3.1.2. Aus den Erläuterungen zum FRÄG 2017 betreffend § 57 FPG ergibt sich auszugsweise Folgendes:
"[...] Die Erlassung einer Wohnsitzauflage soll dabei nicht systematisch erfolgen, sondern hat jedenfalls abhängig von den konkreten Umständen des Einzelfalls zu ergehen. Dabei sind insbesondere der Grundsatz der Verhältnismäßigkeit sowie Art. 8 EMRK - insbesondere im Hinblick auf das Bestehen familiärer Strukturen, die Wahrung der Familieneinheit und die besonderen Bedürfnisse von Minderjährigen auch im Sinne der Jugendwohlfahrt - zu berücksichtigen. Die Wohnsitzauflage soll daher als ultima ratio nur dann angeordnet werden, wenn der Drittstaatsangehörige seiner Verpflichtung zur Ausreise bislang nicht nachgekommen ist und aufgrund der konkreten Umstände des Einzelfalls anzunehmen ist, dass er auch weiterhin seiner Ausreiseverpflichtung nicht nachkommen wird.
[...]
Zu Abs. 1:
[...]
Die zweite Konstellation soll auch jene Fälle umfassen, in denen zwar eine Frist für die freiwillige Ausreise gewährt wurde, der Drittstaatsangehörige aber nicht innerhalb der Frist ausgereist ist und anzunehmen ist, dass er seiner Ausreiseverpflichtung auch weiterhin nicht nachkommen wird.
[...]
Zu Abs. 2:
In Abs. 2 werden jene Tatsachen näher definiert und demonstrativ aufgezählt, welche im Sinne des Abs. 1 Z 2 die Annahme rechtfertigen, dass der Drittstaatsangehörige seiner Ausreiseverpflichtung weiterhin nicht nachkommen wird.
Ein Hinweis auf die mangelnde Bereitschaft zur Ausreise ist naturgemäß dann gegeben, wenn der Drittstaatsangehörige selbst angibt, dass er nicht bereit ist, seiner Ausreiseverpflichtung nachzukommen. Es kann des Weiteren davon ausgegangen werden, dass er seiner Ausreiseverpflichtung nicht nachkommen wird, wenn er ein ihm angebotenes oder angeordnetes Rückkehrberatungsgespräch zum Zweck der freiwilligen Ausreise nicht wahrnimmt.
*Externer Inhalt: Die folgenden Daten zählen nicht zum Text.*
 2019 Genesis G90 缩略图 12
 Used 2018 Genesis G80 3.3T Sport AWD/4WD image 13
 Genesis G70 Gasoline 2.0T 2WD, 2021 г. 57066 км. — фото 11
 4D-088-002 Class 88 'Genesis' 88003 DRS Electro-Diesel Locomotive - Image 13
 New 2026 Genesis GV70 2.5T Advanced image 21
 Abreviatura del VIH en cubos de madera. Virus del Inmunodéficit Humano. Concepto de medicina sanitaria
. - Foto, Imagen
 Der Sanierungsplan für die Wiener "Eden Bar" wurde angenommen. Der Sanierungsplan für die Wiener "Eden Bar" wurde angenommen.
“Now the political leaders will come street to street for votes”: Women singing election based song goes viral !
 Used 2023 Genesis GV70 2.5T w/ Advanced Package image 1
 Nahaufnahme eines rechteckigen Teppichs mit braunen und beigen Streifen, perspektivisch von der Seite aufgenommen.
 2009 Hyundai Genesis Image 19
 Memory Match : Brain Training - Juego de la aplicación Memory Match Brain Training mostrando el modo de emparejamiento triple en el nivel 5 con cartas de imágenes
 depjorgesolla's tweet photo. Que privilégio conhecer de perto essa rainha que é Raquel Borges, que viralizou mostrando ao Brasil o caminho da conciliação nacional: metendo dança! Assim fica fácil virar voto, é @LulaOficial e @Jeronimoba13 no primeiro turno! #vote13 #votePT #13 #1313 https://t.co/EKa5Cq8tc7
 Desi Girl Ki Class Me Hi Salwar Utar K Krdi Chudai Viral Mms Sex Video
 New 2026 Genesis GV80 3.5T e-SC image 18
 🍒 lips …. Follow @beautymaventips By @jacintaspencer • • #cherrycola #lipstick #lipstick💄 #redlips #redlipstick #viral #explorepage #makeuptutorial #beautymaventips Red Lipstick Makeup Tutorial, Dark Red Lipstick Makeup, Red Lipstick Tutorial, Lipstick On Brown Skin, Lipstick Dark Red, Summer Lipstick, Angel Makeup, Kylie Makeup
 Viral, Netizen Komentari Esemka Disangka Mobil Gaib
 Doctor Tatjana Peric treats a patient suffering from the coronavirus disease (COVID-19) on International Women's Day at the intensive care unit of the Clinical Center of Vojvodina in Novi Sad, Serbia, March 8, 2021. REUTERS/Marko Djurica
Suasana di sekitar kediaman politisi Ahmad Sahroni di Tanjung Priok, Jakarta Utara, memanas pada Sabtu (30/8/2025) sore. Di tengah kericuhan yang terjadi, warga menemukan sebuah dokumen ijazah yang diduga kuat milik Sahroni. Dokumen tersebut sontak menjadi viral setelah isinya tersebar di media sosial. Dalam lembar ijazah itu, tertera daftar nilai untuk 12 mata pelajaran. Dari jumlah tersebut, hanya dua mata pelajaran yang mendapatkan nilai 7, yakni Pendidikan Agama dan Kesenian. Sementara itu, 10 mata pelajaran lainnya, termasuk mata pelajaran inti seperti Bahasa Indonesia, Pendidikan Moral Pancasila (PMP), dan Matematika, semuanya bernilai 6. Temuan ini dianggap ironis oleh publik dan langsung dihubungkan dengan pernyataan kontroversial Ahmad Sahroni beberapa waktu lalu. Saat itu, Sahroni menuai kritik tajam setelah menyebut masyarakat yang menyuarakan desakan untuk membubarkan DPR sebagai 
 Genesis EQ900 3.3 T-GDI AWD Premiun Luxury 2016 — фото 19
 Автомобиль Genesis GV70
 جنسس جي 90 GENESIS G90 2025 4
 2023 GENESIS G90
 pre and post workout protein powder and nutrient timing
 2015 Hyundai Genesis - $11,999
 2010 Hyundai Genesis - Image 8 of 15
Ebenso wird davon auszugehen sein, dass der Drittstaatsangehörige nicht bereit ist auszureisen, wenn er während einer gewährten Frist zur freiwilligen Ausreise nicht ausgereist ist und anschließend seinen Wohnsitz bzw. den Ort seines gewöhnlichen Aufenthalts ändert, ohne das Bundesamt hiervon in Kenntnis zu setzen. Ferner kann von mangelhafter Bereitschaft zur Ausreise ausgegangen werden, wenn der betreffende Drittstaatsangehörige es unterlässt, an der Beschaffung von für die Ausreise erforderlichen Dokumenten mitzuwirken oder ein vorhandenes Reisedokument vernichtet oder sich dessen auf sonstige Weise entledigt. Hat der Drittstaatsangehörige bereits im Verfahren über seine Identität getäuscht oder zu täuschen versucht und damit die Beschaffung von für die Ausreise erforderlichen Dokumenten erschwert bzw. verhindert, wird ebenfalls von einer mangelnden Bereitschaft zur Ausreise auszugehen sein.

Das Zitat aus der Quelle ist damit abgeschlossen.